La reacción de los nativos talamanqueños no fue sumisa; al contrario, opusieron una feroz resistencia. Cada acto de rebeldía era seguido por la represión, lo que fortalecía entre los indígenas, cada vez más, el ansia de rebelarse ante a la opresión extranjera, de defender su libertad y cultura. El 28 de setiembre de 1709, bajo la conducción del cacique Pablo Presbere, comenzó un enorme levantamiento que agrupó a miles de indígenas quienes, armados de arcos, flechas y lanzas de pejibaye, enfrentaron y pusieron en dificultades a los españoles armados de arcabuces. Durante varios meses los primeros pobladores de nuestro país mantuvieron el control de sus tierras, desde la frontera con Panamá hasta las cercanías de Cartago. En realidad, se podría afirmar que recuperaron su derecho a ser soberanos. Pero el gobernador de entonces, Lorenzo Antonio de Granda y Balbín, pidió ayuda militar a Guatemala y, de esa forma, fue aplastada aquella extraordinaria insurrección.
Vencidos los indígenas, centenares de ellos fueron amarrados y conducidos a Cartago, donde fueron convertidos en mano de obra gratuita. Sus caciques e inspiradores, entre ellos Pablo Presbere, considerado, según documentos de la época, el principal motor de esa rebelión, fueron sometidos a juicio. Presbere fue sentenciado a ser arcabuceado y decapitado y, una vez muerto, con el fin de amedrentar a sus seguidores, sus restos debían ser exhibidos públicamente.
Para comprender mejor los alcances de estos hechos, se debe tener presente que ese caudillo era reconocido como el guerrero más respetado de la región. No es de extrañar entonces que al ser condenado, diera pruebas de gallardía y altivez, pues a pesar de ser torturado para que delatara a los otros dirigentes, prefirió callar y asumir él solo las consecuencias de esa gesta liberadora.

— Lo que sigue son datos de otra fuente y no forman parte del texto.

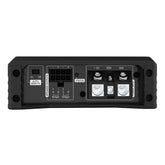 car amplifier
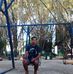 Eddie Claudio - Facebook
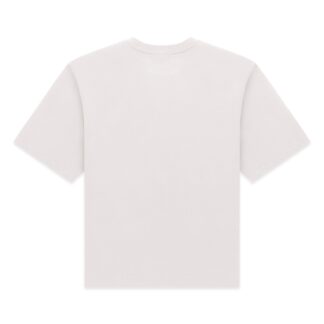 Sp5der R5CING Tee White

Sin ninguna duda, Pablo Presbere es digno merecedor del título de Defensor de los pueblos originarios de Costa Rica. Aparte del monumento erigido en su honor, ubicado en el cantón central de Limón, en nuestro país no existe otra institución que rinda tributo a esta egregia figura de nuestra nación para que se conserve memoria de esta fuente de nuestra nacionalidad. En algún momento, un colegio de nuestra capital fue llamado Pablo Presbere, pero en un acto de eurocentrismo inexplicable que debería avergonzarnos, ese nombre fue sustituido por otro totalmente anodino. Dado que la preservación de las raíces de un pueblo debe ser una misión que nos compete a toda la ciudadanía y que es una tarea permanente, es justo y absolutamente necesario que veamos siempre a Pablo Presbere como aquel ancestro que supo encarnar los valores sagrados de libertad, identidad y soberanía.